OQA uses Apache Solr for storing, indexing, and querying data. Three components of OQA are stored in Solr:
- The knowledge base (called
triplestore
) - The query rewrite templates (called
relsyn
) - The paraphrase templates (called
paraphrase
)
This sub-project has code for starting/stopping solr instances and adding data to the indexes. All of the steps below assume that the OQA data has already been downloaded.
For simplicity, I have checked in the configured Solr instances for the above three components in this repository. It is possible to scale this out using SolrCloud, but I have not included any code for doing so. The commands below will start one Solr server for each component.
To start the Solr instances, run ./src/main/scripts/start-all.sh
. This
will start the following Solr servers:
- http://localhost:8983/solr/#/triplestore
- http://localhost:8984/solr/#/relsyn
- http://localhost:8985/solr/#/paraphrase
Gotcha: Sometimes it takes a few minutes to start the Solr instances. Tail the {triplestore, relsyn, paraphrase}.out
files in each Solr subdirectory for more information. If you see a message like Waiting until we see more replicas up
then give it a bit. Also see this stackoverflow post for more information.

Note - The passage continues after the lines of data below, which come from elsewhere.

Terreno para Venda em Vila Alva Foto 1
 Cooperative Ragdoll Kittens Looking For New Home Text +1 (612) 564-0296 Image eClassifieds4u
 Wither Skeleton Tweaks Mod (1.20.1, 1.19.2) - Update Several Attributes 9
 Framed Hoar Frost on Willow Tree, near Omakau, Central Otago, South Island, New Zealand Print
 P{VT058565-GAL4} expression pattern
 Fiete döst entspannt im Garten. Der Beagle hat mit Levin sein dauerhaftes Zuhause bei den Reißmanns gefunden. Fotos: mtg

To stop the Solr instances, run ./src/main/scripts/stop-all.sh
.
To index the data, first start the Solr instances. Due to the size of the data,
it is helpful to index only a part of the data first. Run the following script
to index a subset of the data: ./src/main/scripts/create-indexes-small.sh
.
If that completes, run this script to index the full data:
./src/main/scripts/create-indexes.sh
.